A delayed reckoning: King Charles and the future of the Commonwealth

Flag bearers outside Westminster Abbey after the Commonwealth Day Observance on 11 March 2013.
Flag bearers outside Westminster Abbey after the Commonwealth Day Observance on 11 March 2013. Photograph: Max Mumby/Indigo/Getty Images

On 13 March 2023, King Charles delivered his first Commonwealth Day message as monarch from the great pulpit at Westminster Abbey. Departing from the tradition of his predecessor, Queen Elizabeth, who typically pre-recorded her annual messages, Charles took the opportunity to deliver his address live and in person. Appealing directly to billions of Commonwealth citizens spread across 56 member countries, he declared that the voluntary association’s “near boundless potential as a force for good in the world demands our highest ambition; its sheer scale challenges us to unite and be bold”.

“This week marks the 10th anniversary of the charter of the Commonwealth, which gives expression to our defining values: peace and justice; tolerance, respect and solidarity; care for our environment and for the most vulnerable among us,” Charles continued. “These are not simply ideals. In each lies an imperative to act, and to make a practical difference in the lives of the 2.6 billion people who call the Commonwealth home.”

But in an era when Britain’s role on the global stage and the future of the Commonwealth itself remain uncertain, improving the lives of more than a third of the world’s population poses an enormous, perhaps insurmountable, challenge. How can 74-year-old King Charles, the oldest monarch to be crowned in British history, fulfil the ambitious, forward-looking promises of his Commonwealth Day message in the time he has left?

Most Britons are familiar with the Commonwealth if not particularly well-versed in its history. The Commonwealth arose from the dying flames of the British empire and has long been closely associated with Queen Elizabeth, who served as its head and most passionate champion for all of her 70-year reign. From the outset, she envisioned the Commonwealth as a powerful vehicle for forging new diplomatic relations with, and exerting soft influence over, Britain’s former colonies as they won their independence in the years after the second world war.

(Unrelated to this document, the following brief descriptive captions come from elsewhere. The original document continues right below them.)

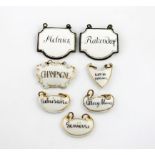 A small collection of seven wine labels, comprising: an enamelled pair, titled 'RATZERSDORF' and '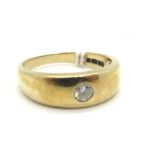 A 9ct Gold Single Stone Diamond Ring, the brilliant cut stone rubover set within plain tapering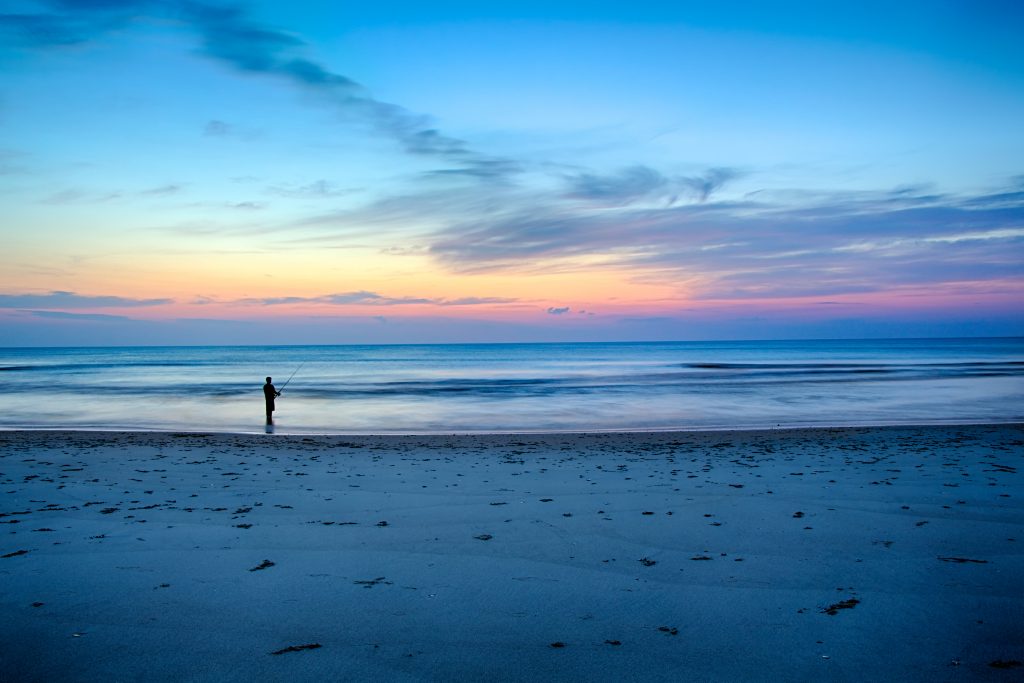 Surf fishing before sunrise in the Outer Banks, North Carolina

“[I]n our time we may say that the British empire has saved the world first,” Elizabeth remarked in her most well-known speech delivered from Cape Town on her 21st birthday, “and has now to save itself after the battle is won.”

That newly independent states would seek to maintain close ties with Britain and its monarch as willing members of “our great imperial family” served as a point of immense pride for the Queen. While postwar decolonisation may have signalled the end of Britain’s global dominance and a contraction of British power and grandeur, the rise of the Commonwealth confirmed the lasting values and virtues of Britishness. “The Commonwealth,” as historian Caroline Elkins observed in Legacy of Violence, “would be the triumphant coda to the greatest empire in world history.”

During the second half of the 20th century, Elizabeth could look to the growth of the Commonwealth of Nations, with herself as its centre, as evidence of the continued preeminence of British culture, institutions, and laws around the world. Focusing on the Commonwealth enabled Britain and its queen to draw a veil over past atrocities committed in the name of empire, certain of, as Priyamvada Gopal put it in Insurgent Empire, “the cherished mythology of an empire that ruled in order to free”.

Prince Charles and Diana, Princess Of Wales standing in front of Ayers Rock/Uluru during their official tour of Australia, on 21 March 1983.
Prince Charles and Diana, Princess Of Wales standing in front of Ayers Rock/Uluru during their official tour of Australia, on 21 March 1983. Photograph: Tim Graham/Tim Graham Photo Library/Getty Images

In 1977, in an address delivered at the Guildhall on the occasion of her silver jubilee, Queen Elizabeth emphasised the historic nature of the Commonwealth and the myriad benefits member states had accrued through their their longstanding relations with Britain. “During these last 25 years, I have travelled widely throughout the Commonwealth as its head,” she said. “And during those years I have seen, from a unique position of advantage, the last great phase of the transformation of the empire into Commonwealth and the transformation of the Crown from an emblem of dominion into a symbol of free and voluntary association. In all history this has no precedent.”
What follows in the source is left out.